Work order: Transcribe each line below word for word.

Collected material:

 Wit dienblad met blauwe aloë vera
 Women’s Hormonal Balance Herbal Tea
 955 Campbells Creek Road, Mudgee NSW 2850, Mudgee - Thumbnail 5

Exercise result:
 Wit dienblad met blauwe aloë vera
 Women’s Hormonal Balance Herbal Tea
 955 Campbells Creek Road, Mudgee NSW 2850, Mudgee - Thumbnail 5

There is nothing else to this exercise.